Photo by Steve Viksjo

I have been in the food services industry since 1978. I’m a little bit older than I look. I went from waitress, to manager, to working in the kitchen. I’d been working with GMHC as a volunteer since the ’80s, and I sort of fell into this job from working for another organization. I found out that I’m good at it, I love it. The person who was here before me is the one who taught me so much about the kitchen.

The GMHC meals program began for people with HIV and AIDS to eat in a safe and non-judgmental place. Back in the late ’80s and early ’90s, if people were visibly wasting, they weren’t welcome in restaurants and other venues. That’s how it got started. Today, we serve meals five days a week, Monday through Friday. Lunch Monday through Thursday, and Friday is dinner.

I’ll usually be here at 8 a.m. We have a very limited amount of staff, so we’re all hands on, setting up the room, getting it ready for the clients. We’re kind of like a MASH unit. Sometimes you get something thrown at you. The oven breaks. OK, we’re steaming a lot of food. It’s always a surprise. You’ll see me running out here with a mop a lot. There’s no such thing as just one job.

We serve anywhere from 250 to 400 meals a day. It consists of a meat, a fish, and a vegetarian dish. Then we have a salad bar — vegetables, tuna, lettuce, cheese, a variety of salad dressings — fresh fruit, and bread, always a whole grain bread. Chicken parmesan is the most popular meal, next to meatloaf. Our clients love meatloaf. If they don’t see meatloaf for two weeks, I won’t stop hearing about it. And I’ll tell you the secret ingredient. The secret ingredient is love — I love making it, but I don’t like eating it.

Clients love bold flavors, the flavors that are right in your face. I meet with the nutritionist here, who oversees the food pantry program — we have a dialogue about the food that’s the most healthful for them. The menus need to be low in sodium, so I created a spice mix that we use — it has granulated garlic, Spanish paprika, granulated onion, parsley, rosemary, thyme, oregano. It varies, I’ll change it month to month. I teach clients that there are other methods for making your food flavorful without adding salt. Lemon juice, too.
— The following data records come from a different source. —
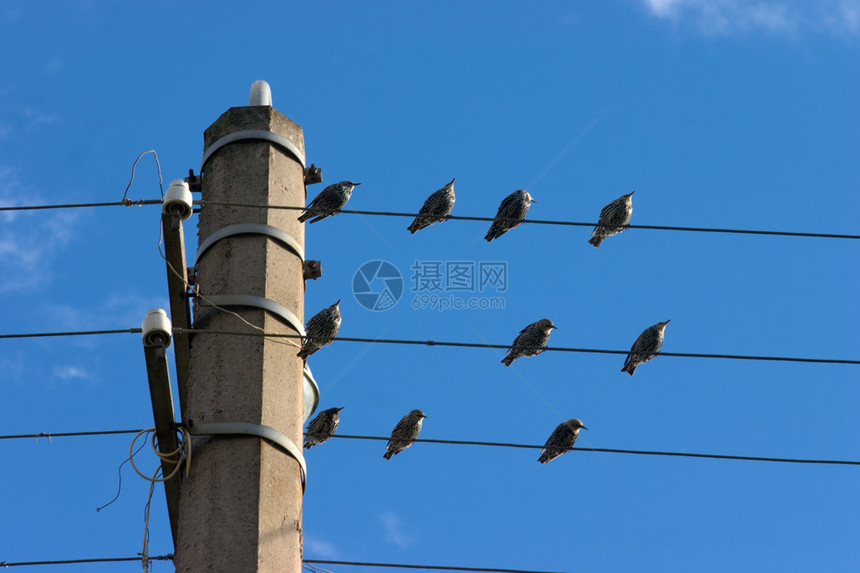 天空背景上的电线上的椋鸟群图片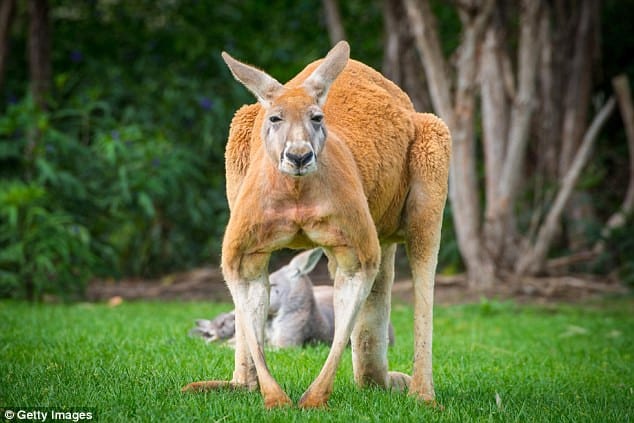 Kangaroo tan cong lam 3 nguoi bi thuong o Australia hinh anh 1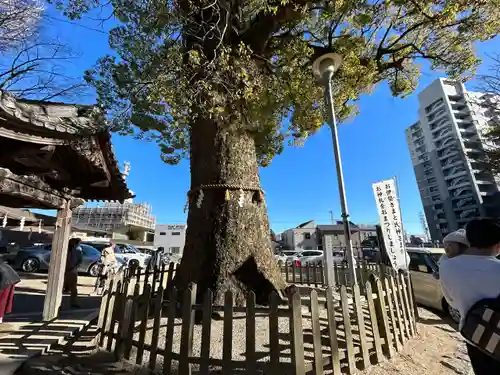 挙母神社(愛知県)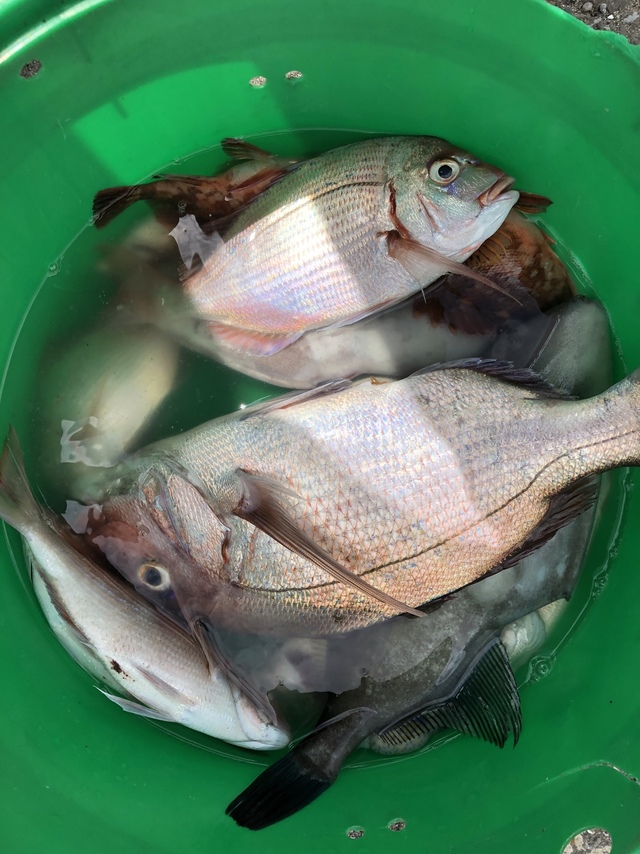 ハナダイ(チダイ)・アジ(マアジ)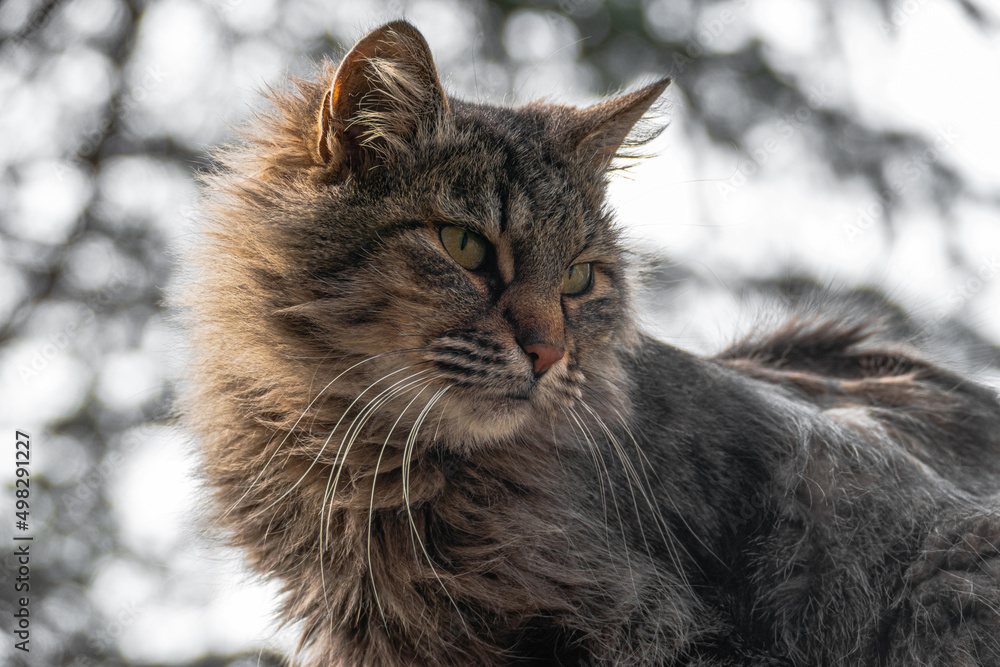 Portrait of a shaggy cat.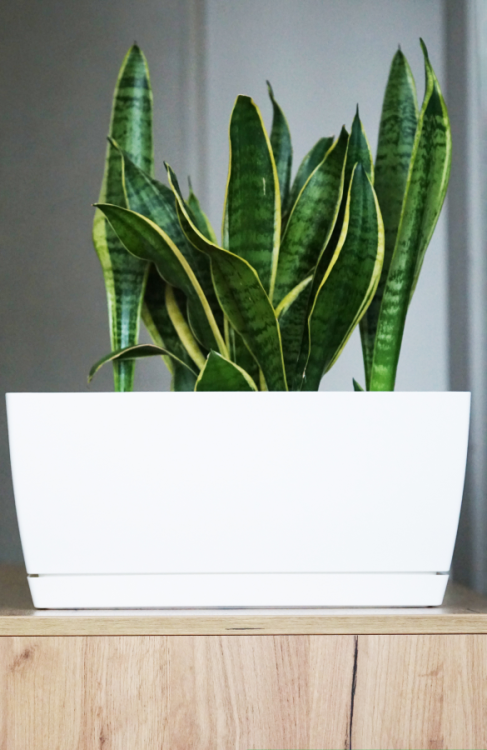 Doniczka podłużna, połysk COUBI DUPP400 z podstawką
When you watch the room fill up, each table has a personality. One table, they meet every day for lunch, and they’ll spend the whole day sitting in here, having conversations. If it’s somebody’s birthday, they’ll celebrate their birthday at the table. There are little communities. This is what they do, they’ll spend the whole day here with each other before they go off. It’s nice. It’s a safe place to be.

Then I spend part of my day putting together menus. I have meetings with my staff — they’ll bring menus to the table that they want to try and we’ll play around to try to make it work. We like to take it up a notch, make it creative. We have a couple of food purveyors that we order from, and we get grants to pay for that. And then we have Food Bank. Today the Food Bank sent us eighty cases of food. We’ll get rid of it within the month. We go through it so quickly.

When you watch the room fill up, each table has a personality.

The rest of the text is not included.